My search aims to find geometries which fall within 100 metres of a given point as follows, however this takes well over two minutes to return. I want to get that under one second!:
select ogc_fid, web_geometry from titles where ST_DWithin(geom_bounding_box, 'SRID=4326;POINT(-0.145872 51.509691)'::geography, 100);
Below is a basic explain output. What can I do to speed this thing up?
Thank you!
mmt=# explain select ogc_fid from titles where ST_DWithin(geom_bounding_box, 'SRID=4326;POINT(-0.145872 51.509691)'::geography, 100);
-[ RECORD 1 ]----------------------------------------------------------------------------------------------------------------------------------------------------------
QUERY PLAN | Gather (cost=1000.00..243806855.33 rows=2307 width=4)
-[ RECORD 2 ]----------------------------------------------------------------------------------------------------------------------------------------------------------
QUERY PLAN | Workers Planned: 2
-[ RECORD 3 ]----------------------------------------------------------------------------------------------------------------------------------------------------------
QUERY PLAN | -> Parallel Seq Scan on titles (cost=0.00..243805624.63 rows=961 width=4)
-[ RECORD 4 ]----------------------------------------------------------------------------------------------------------------------------------------------------------
QUERY PLAN | Filter: st_dwithin((geom_bounding_box)::geography, '0101000020E61000006878B306EFABC2BF6308008E3DC14940'::geography, '100'::double precision, true)
-[ RECORD 5 ]----------------------------------------------------------------------------------------------------------------------------------------------------------
QUERY PLAN | JIT:
-[ RECORD 6 ]----------------------------------------------------------------------------------------------------------------------------------------------------------
QUERY PLAN | Functions: 4
-[ RECORD 7 ]----------------------------------------------------------------------------------------------------------------------------------------------------------
QUERY PLAN | Options: Inlining true, Optimization true, Expressions true, Deforming true

The problem is that you are mixing geometry and geography, and PostgreSQL casts geom_bounding_box to geography so that they match.
Now you have indexed geom_bounding_box, but not geom_bounding_box::geography, which is something different.
Either use 'SRID=4326;POINT(-0.145872 51.509691)'::geometry as second operand or create the GiST index on ((geom_bounding_box::geography)) (note the double parentheses).

EDIT:
As pointed out by mlinth, my answer below is not really valid.
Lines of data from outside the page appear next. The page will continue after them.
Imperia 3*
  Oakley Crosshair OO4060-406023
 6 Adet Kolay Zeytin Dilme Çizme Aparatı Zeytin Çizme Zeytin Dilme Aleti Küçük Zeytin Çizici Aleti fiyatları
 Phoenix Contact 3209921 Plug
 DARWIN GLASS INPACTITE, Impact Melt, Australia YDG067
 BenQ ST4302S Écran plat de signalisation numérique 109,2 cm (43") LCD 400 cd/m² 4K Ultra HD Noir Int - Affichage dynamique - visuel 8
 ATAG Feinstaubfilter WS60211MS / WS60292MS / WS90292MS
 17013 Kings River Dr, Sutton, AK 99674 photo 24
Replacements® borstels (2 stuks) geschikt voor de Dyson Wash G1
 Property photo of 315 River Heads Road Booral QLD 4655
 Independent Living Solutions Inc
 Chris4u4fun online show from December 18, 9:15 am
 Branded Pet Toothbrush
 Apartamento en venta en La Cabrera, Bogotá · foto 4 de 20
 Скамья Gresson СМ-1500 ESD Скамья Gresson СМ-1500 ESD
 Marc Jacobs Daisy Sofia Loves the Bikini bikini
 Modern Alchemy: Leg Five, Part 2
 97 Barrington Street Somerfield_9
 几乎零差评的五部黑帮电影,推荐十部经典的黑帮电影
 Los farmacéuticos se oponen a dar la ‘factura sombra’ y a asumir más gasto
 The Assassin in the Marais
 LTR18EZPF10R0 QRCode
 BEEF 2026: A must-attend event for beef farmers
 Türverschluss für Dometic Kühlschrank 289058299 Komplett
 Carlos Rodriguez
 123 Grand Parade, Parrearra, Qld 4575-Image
It raises a danger though: beware of the arguments given to the ST_DWithin function, because the unit of distance argument is inferred differently depending if you give geographies (meters) or geometries (srid unit).
According to the ST_DWithin doc, the distance is specified in SRID unit. In your case, the spatial reference system is a geographic one, so your 100 value means 100 degree radius, not 100 meters. That means approximately the entire world. In such case, efficiently using the index is impossible.
If you want to find geometries in a 100 meter radius, you must convert a 100 meter in degree unit, but that depends on latitude (if you want to be accurate).
To start, I'd recommend you to use a (very) approximate shortcut: 100 meters at the equator is (very) approximately equal to 0.001 degrees. So replace your distance value with it, and if it speed up things (and I'm pretty convinced it will), then you will be able to refine your query to be more accurate.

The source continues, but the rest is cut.